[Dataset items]
= = = =

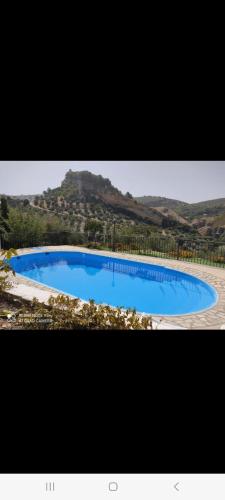 a large blue swimming pool in front of a mountain at Alojamiento rural El Yate in Montefrío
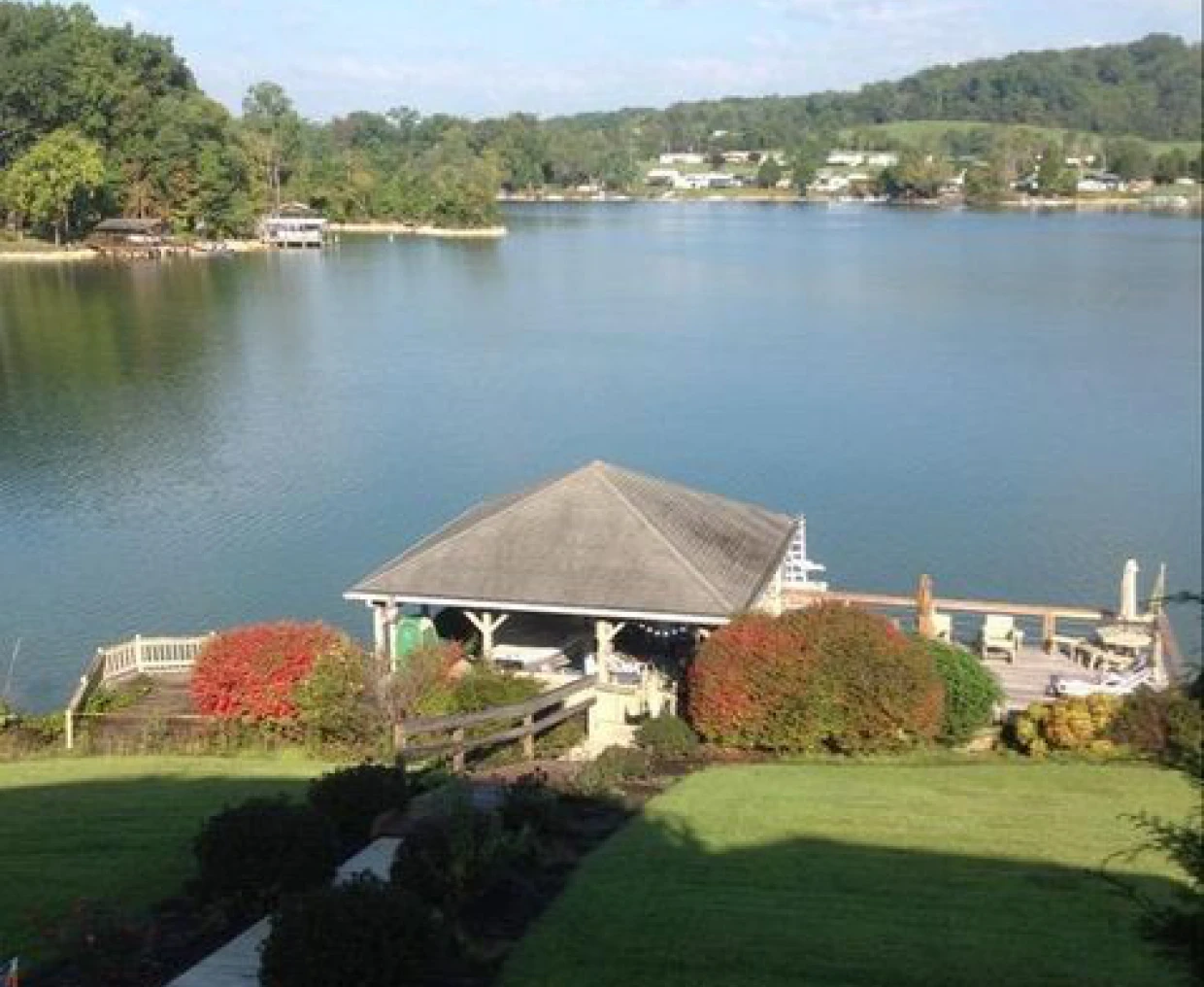 Waterfront gazebo amidst greenery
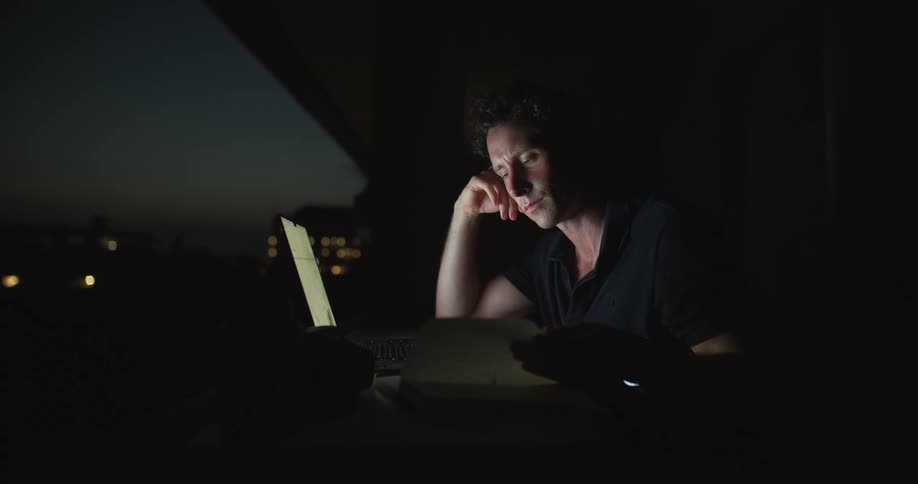 A man is sitting at a table in front of a window looking at a book as he types on a laptop computer and he rubs his face with his hand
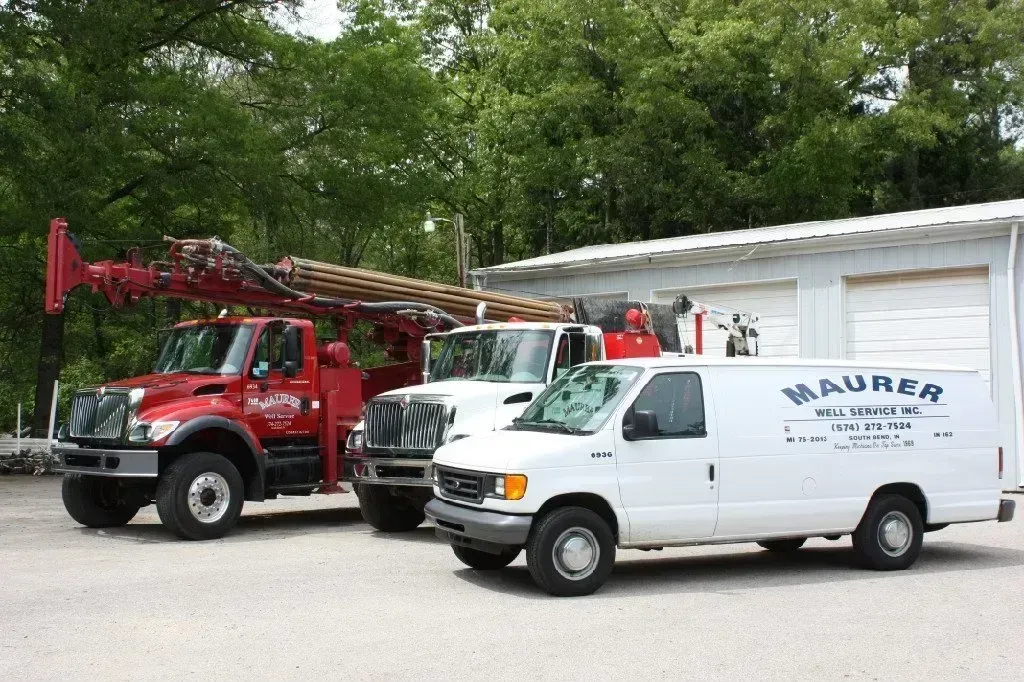 Three trucks and a van are parked in front of a building that says maurer Three trucks and a van are parked in front of a building that says maurer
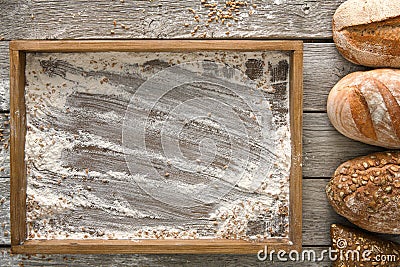 Bread bakery background. Brown and white wheat grain loaves comp Stock Photo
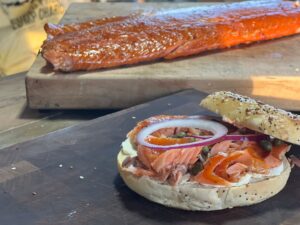 A sesame seed bagel rests on a mesquite cutting board, covered in smoked salmon, cream cheese, red onion, and capers. In the background rests a glazed, smoked salmon filet.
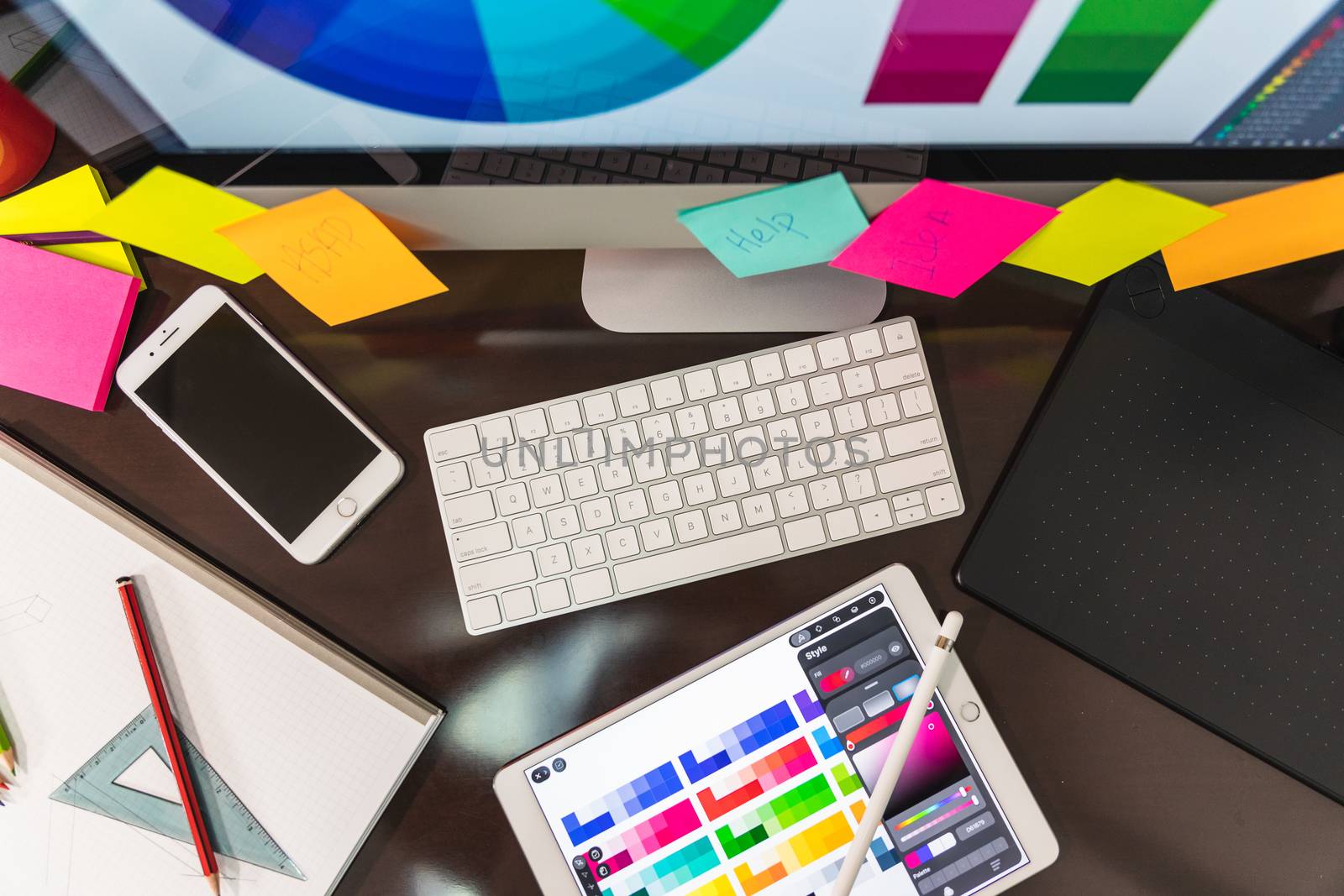 Top View of a graphic designer at work. Color swatch samples over wooden table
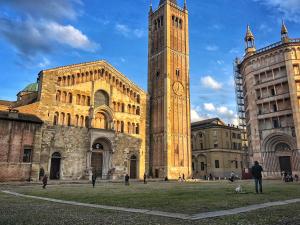 una torre del reloj alta frente a un edificio en Opera 11 r&b en Parma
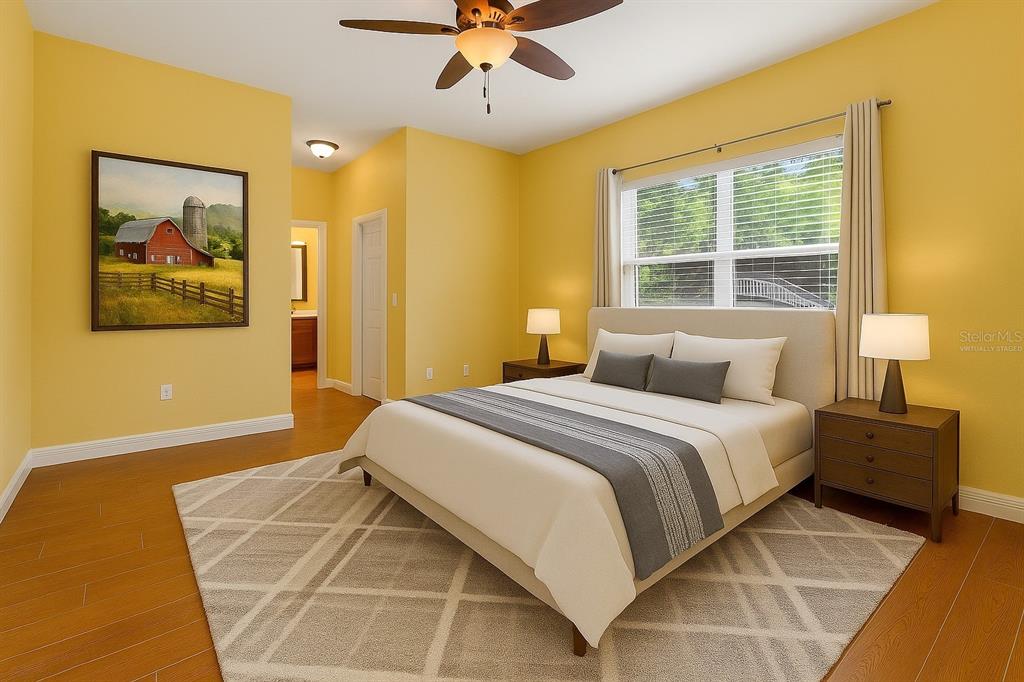 4405 North Wilder Road Plant City, FL 33565 - Photo 48 of 78 a bedroom with a bed and a painting on the wall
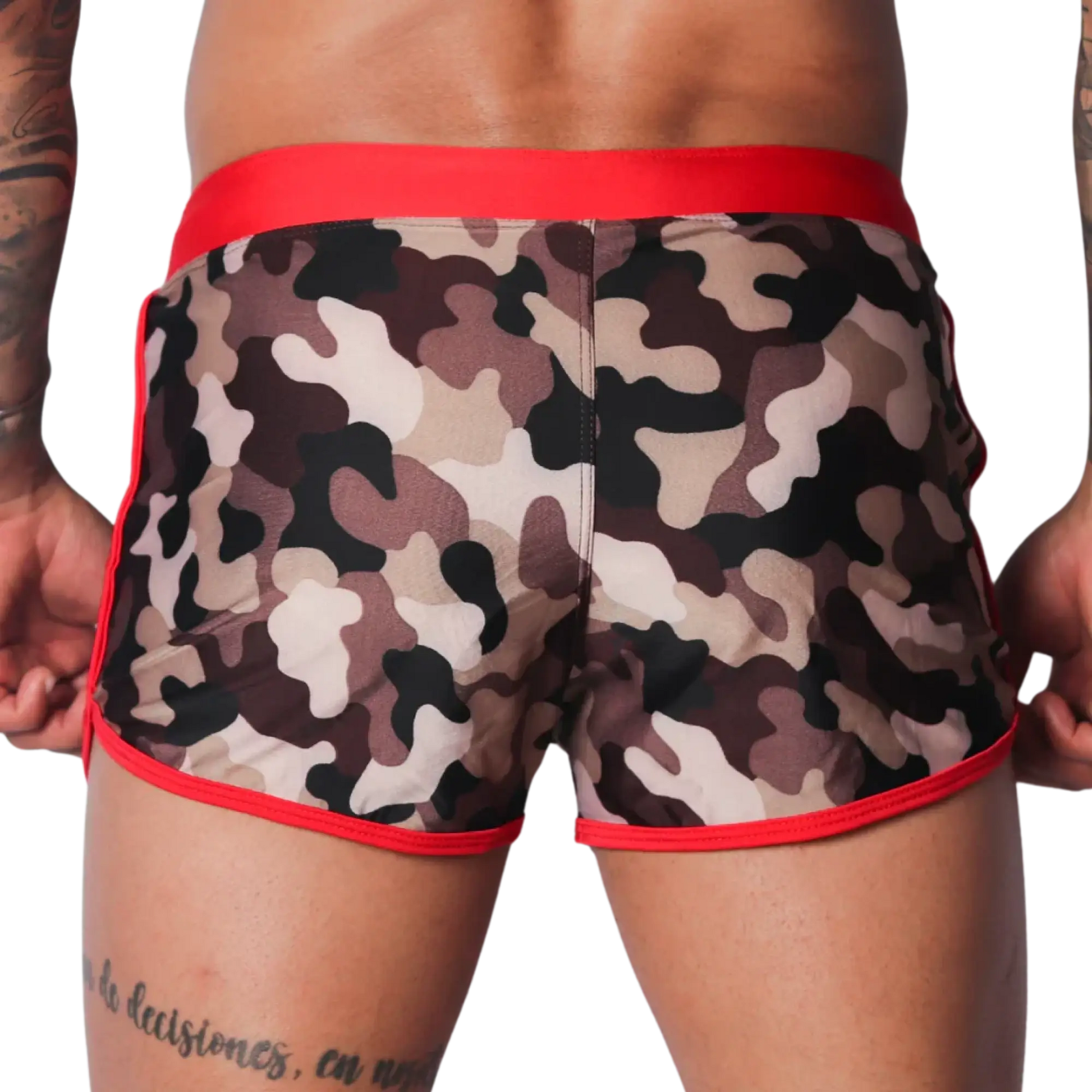 Short camo-print swim trunks with a wide red waistband and red piping trim along the leg openings.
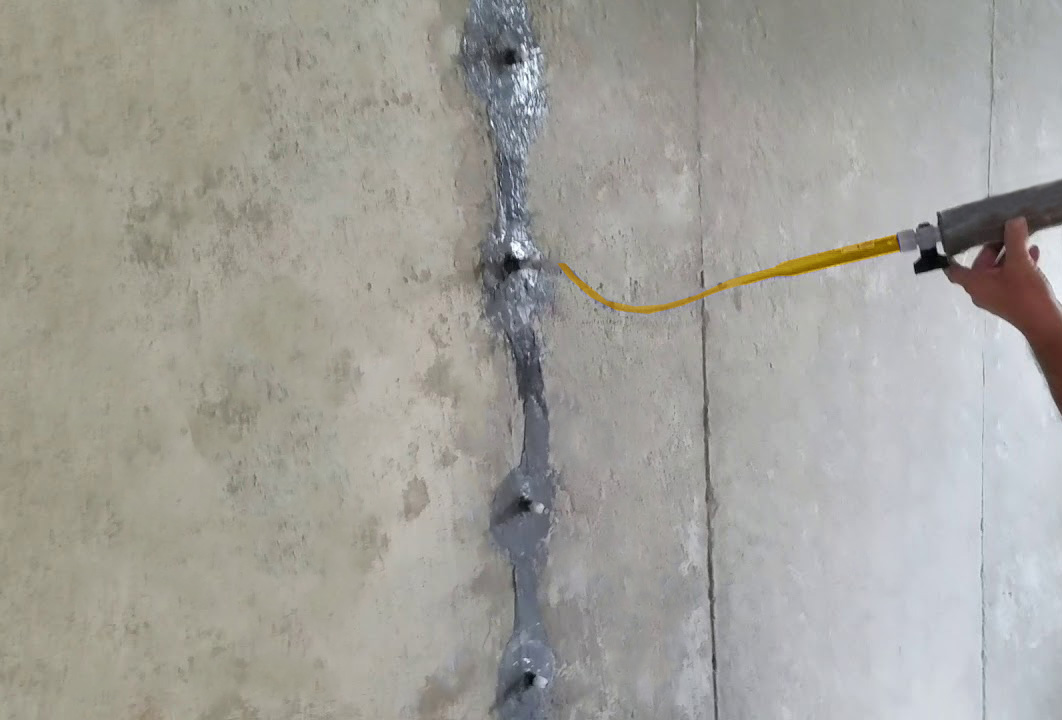 A construction worker is inserting injection product into a concrete crack.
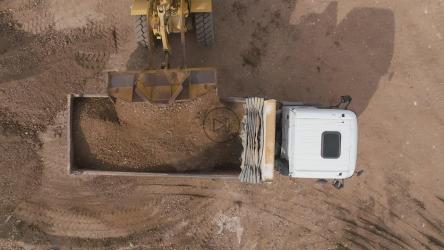 铲斗装载机向装载机倾倒泥土的鸟瞰图[]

= = = =

**Exercise brief**
Please transcribe every entry above exactly, leaving out any pictures.

**Expected output**
 a large blue swimming pool in front of a mountain at Alojamiento rural El Yate in Montefrío
 Waterfront gazebo amidst greenery
 A man is sitting at a table in front of a window looking at a book as he types on a laptop computer and he rubs his face with his hand
 Three trucks and a van are parked in front of a building that says maurer Three trucks and a van are parked in front of a building that says maurer
 Bread bakery background. Brown and white wheat grain loaves comp Stock Photo
 A sesame seed bagel rests on a mesquite cutting board, covered in smoked salmon, cream cheese, red onion, and capers. In the background rests a glazed, smoked salmon filet.
 Top View of a graphic designer at work. Color swatch samples over wooden table
 una torre del reloj alta frente a un edificio en Opera 11 r&b en Parma
 4405 North Wilder Road Plant City, FL 33565 - Photo 48 of 78 a bedroom with a bed and a painting on the wall
 Short camo-print swim trunks with a wide red waistband and red piping trim along the leg openings.
 A construction worker is inserting injection product into a concrete crack.
 铲斗装载机向装载机倾倒泥土的鸟瞰图[]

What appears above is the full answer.